§ **WORK REQUEST**: Copy only what runs from the line containing "kitchen featuring sink, backsplash, a" through the end of the material below, line for line, with both ends included.

+++++

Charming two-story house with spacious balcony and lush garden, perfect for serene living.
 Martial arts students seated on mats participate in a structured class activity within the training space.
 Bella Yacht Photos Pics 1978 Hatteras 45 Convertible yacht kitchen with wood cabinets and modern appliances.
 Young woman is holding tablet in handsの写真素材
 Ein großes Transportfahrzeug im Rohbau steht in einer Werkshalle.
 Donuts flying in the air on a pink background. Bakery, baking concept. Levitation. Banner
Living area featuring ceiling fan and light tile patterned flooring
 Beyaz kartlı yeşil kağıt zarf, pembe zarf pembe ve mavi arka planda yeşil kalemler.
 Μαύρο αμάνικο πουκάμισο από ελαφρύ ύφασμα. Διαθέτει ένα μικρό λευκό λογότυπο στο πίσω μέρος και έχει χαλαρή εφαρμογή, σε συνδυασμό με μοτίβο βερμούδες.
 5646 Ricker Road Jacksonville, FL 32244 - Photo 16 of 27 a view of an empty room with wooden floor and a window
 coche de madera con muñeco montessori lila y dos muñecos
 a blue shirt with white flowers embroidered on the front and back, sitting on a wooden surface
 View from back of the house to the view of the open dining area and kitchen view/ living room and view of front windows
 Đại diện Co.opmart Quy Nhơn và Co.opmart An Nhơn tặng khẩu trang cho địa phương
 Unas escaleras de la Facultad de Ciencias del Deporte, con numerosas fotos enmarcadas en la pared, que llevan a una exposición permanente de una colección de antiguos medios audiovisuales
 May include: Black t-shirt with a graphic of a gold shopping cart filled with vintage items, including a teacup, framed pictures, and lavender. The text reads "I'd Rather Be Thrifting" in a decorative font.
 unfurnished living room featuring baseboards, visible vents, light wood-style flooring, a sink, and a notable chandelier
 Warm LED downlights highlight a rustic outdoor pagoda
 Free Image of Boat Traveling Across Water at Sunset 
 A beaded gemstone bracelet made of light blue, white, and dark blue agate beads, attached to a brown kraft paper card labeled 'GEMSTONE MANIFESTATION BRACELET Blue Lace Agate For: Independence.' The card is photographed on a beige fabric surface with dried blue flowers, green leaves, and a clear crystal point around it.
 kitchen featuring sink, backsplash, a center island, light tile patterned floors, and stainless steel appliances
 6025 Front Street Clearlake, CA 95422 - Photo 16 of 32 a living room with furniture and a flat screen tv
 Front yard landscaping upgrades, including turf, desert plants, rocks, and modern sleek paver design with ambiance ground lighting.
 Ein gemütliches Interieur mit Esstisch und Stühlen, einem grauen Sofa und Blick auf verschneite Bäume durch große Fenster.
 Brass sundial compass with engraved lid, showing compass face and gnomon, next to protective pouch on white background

+++++

§ **EXPECTED OUTPUT**:
 kitchen featuring sink, backsplash, a center island, light tile patterned floors, and stainless steel appliances
 6025 Front Street Clearlake, CA 95422 - Photo 16 of 32 a living room with furniture and a flat screen tv
 Front yard landscaping upgrades, including turf, desert plants, rocks, and modern sleek paver design with ambiance ground lighting.
 Ein gemütliches Interieur mit Esstisch und Stühlen, einem grauen Sofa und Blick auf verschneite Bäume durch große Fenster.
 Brass sundial compass with engraved lid, showing compass face and gnomon, next to protective pouch on white background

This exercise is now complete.